Some issues should be addressed, found below

Line 105  how did the authors decide which comparisons to undertake? The ratios will be n x (n-1)/2 diagonally symmetrical matrix. Would a matrix visualization eg a heat map be informative or even better some other statistical method to highlight the statistically significant ratios, e.g. a PCA of loadings would be revealing. As the authors indicated in the results section, there are other ceramides that could serve as plausible targets.

Table 2 please indicate what pvalue1 and pvalue 2 are ie which comparisons do they represent. Also please state what the number in parenthesis are (e.g. confidence intervals?)

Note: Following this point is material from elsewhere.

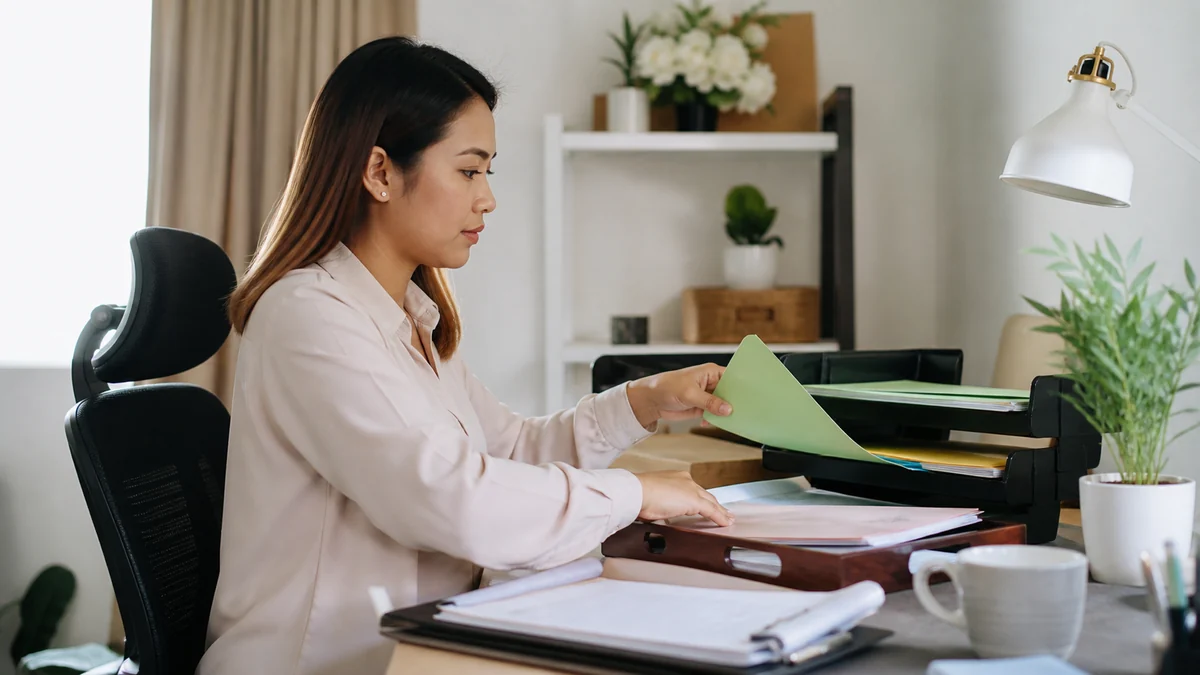 Executive assistant organizing recurring priorities meetings and follow-ups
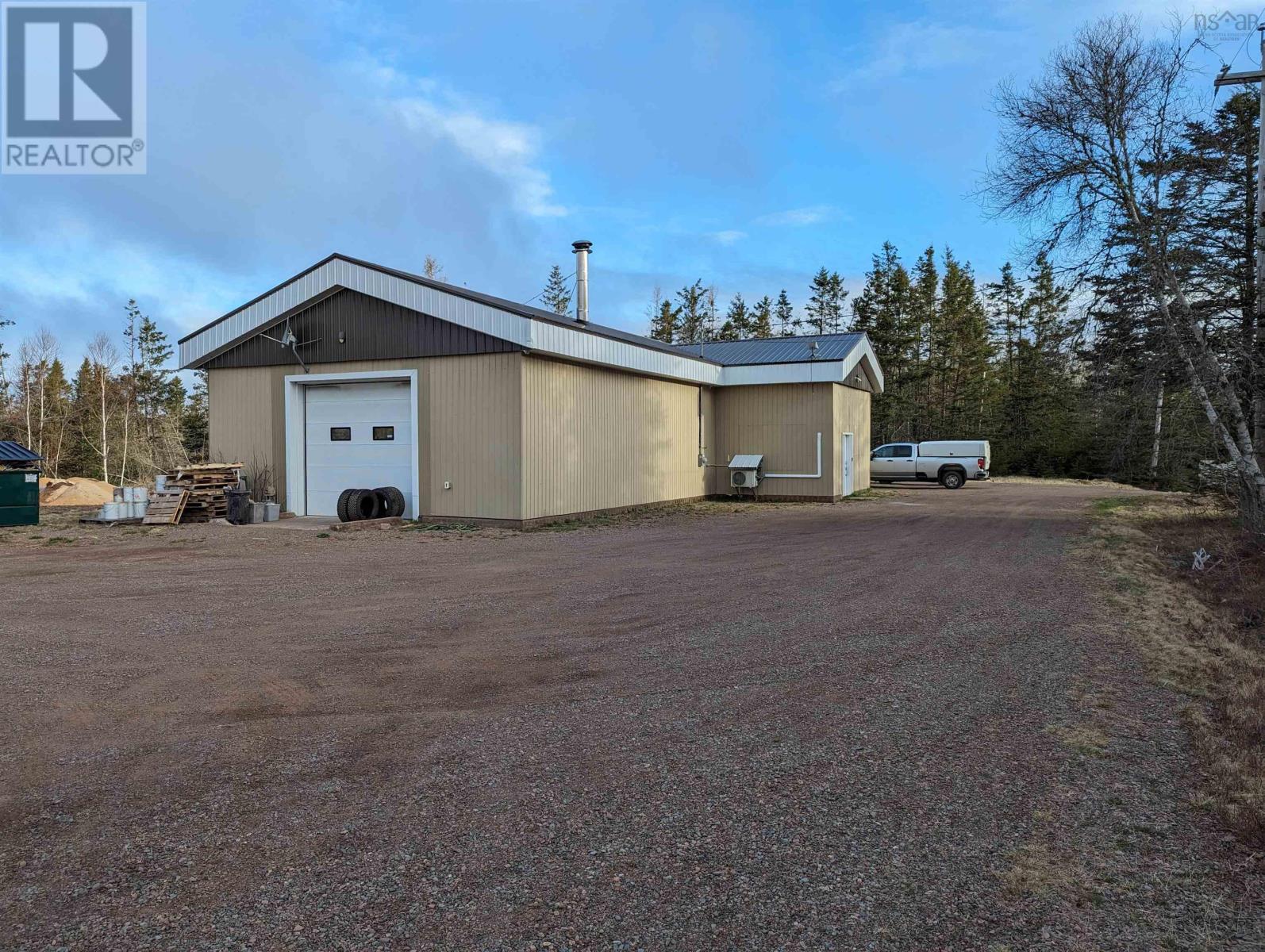 424 Dakota Road, Debert, Nova Scotia  B0M 1G0 - Photo 2 - 202506108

Figure 1 Could the authors please state more clearly what are the groups used for the comparisons? I.e. Does the dot plot depict the total SLE vs healthy? The pairwise comparisons with three groups would require three graphs
Also, it would be desirable if the authors could add the uncertainty limits in the form of e.g. confidence intervals to the ROC curve in order to estimate the uncertainty of the graph.

Author Response

Please see the attachment.

Author Response File: Author Response.pdf

Round 2

Reviewer 1 Report

Comments and Suggestions for Authors

All the points have been adressed and I believe now the Title, Main body and discussion of the paper better reflect the observations of the work.

Author Response

Thank you very much for your thoughtful comments.
We appreciate your careful review, and we are pleased to hear that the revised Title, Main body, and Discussion now better reflect the findings of our work.

Reviewer 2 Report

Comments and Suggestions for Authors

The authors have adequately addressed the concerns. The changes in title as well as discussion section to highlight the exploratory nature of this pilot study now makes this manuscript more coherent. The hypothesis generating nature of this revised manuscript makes it more acceptable. The authors have also made good effort to reanalysed results and addressed the limitations accordingly. 

Author Response

Thank you very much for your positive and constructive feedback. We are also grateful for your acknowledgment of the additional analyses and clarification of limitations, which were performed in response to your insightful comments. Your guidance has greatly contributed to strengthening the coherence and overall quality of our manuscript.